Any photos not otherwise credited are from the personal collection of Frank Passic, Albion Historian.
Morning Star, February 10, 2013, pg. 3
I am currently working on a new book with the theme being Albion picture postcards, with most (but not all) being early 20th century. I’ve got lots of "building" type postcards (please, no more Methodist church ones) already, but now I am looking for some unusual/rare photos, and postcards with people in them. I’m thinking of postcards featuring local sports teams, clubs, and school classes, also neighborhood grocery stores, etc. If you have a collection of Albion postcards please contact me at (517) 629-5402 or Albionfp@hotmail.com and let me know what you’ve got. I might be able to use some of them. Thank you for your help.
Recently I obtained an unusual old Albion photograph. I knew I had seen a similar photograph before, and thought I’d share this unusual photo with our readers this week here in our Historical Notebook. I don’t have the specific details, but apparently in the early 1890s there was some sort of business exposition which included Albion merchants and industries. I read about this once in a reference and if I recall correctly, it stated the event might have been held in nearby Jackson. What was unusual was there would be a charming young girl in a long dress representing the company. Her dress and attire would be embellished with objects that the company sold or produced.

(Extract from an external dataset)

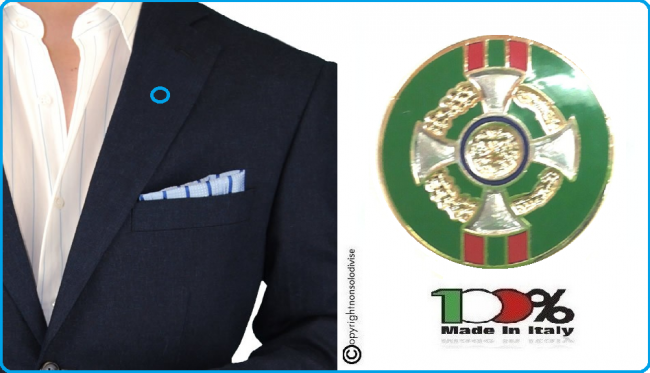 Pins Spilla da Bavero Giacca Cavaliere Ufficiale Della Repubblica Italiana cm 1.20 Art.09624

I first was alerted to this "event" when I spotted another photo from the same event, in the October 1949 issue of the Albion Malleable Iron Company Circle-A-Tor several years ago, on page 3. It shows two girls, one representing the Malleable on the left. The Malleable girl has tiny castings sewn onto the dress, like sequins. Another girl, representing the R. Miller Furniture Company of Jackson, is shown holding a "purse" shaped like a rocking chair, amongst other items. We printed this photo in the July 6, 2003 edition of this column.
This article’s particular photo features the Groff Brothers Planing Mill. It was located on E. Cass St. in the 1880s and 1890s, and the two brothers who owned it were John W. (1844-1928) and Ozile W. (1848-1924) Groff. This firm was the predecessor of the Albion Lumber Company which was organized there in 1904. Today the Morning Star and the Albion Recorder are located on part of the property. Their complex consisted of 160 feet of frontage on E. Cass St. and included a planing-mill, with adjoining wagon and blacksmith shops. They carried all kinds of lumber, and processed wood for all types of building purposes. A nice photo of their complex is located on page 33 of the 1895 Headlight publication.
Nellie Groff (1875-1960) circa 1891
This photo features Nellie Groff (1875-1960), the daughter of John W. Groff. She was the wife of Albion City Clerk 1906-1915, WWI postmaster, and insurance man Willard R. Noyes (1872-1946). The couple were married in 1896. Nellie was a local school teacher, and appears to be around 16 years of age in this photo. Nellie is shown standing next to an ornamental sign that states, "GROFF BROS PLANING MILL."
Glued to her dress are various wood shavings, and miniature wooden ornamental decorations, such as you would place under the overhang of your roof. She is also shown wearing some sort of chain around her waist. Notice her hat. That hat also contains shapes that would have been produced at the Groff Brothers Planing Mill.
This "occupations" or "dress your business" theme might make a nice promotion for our Albion Chamber of Commerce or a Festival of the Forks theme sometime. It certainly would be unusual and make for an interesting fashion show here in town. Special thanks to Becky Scott of Cedar Springs for supplying us with this week’s photo here in our Historical Notebook.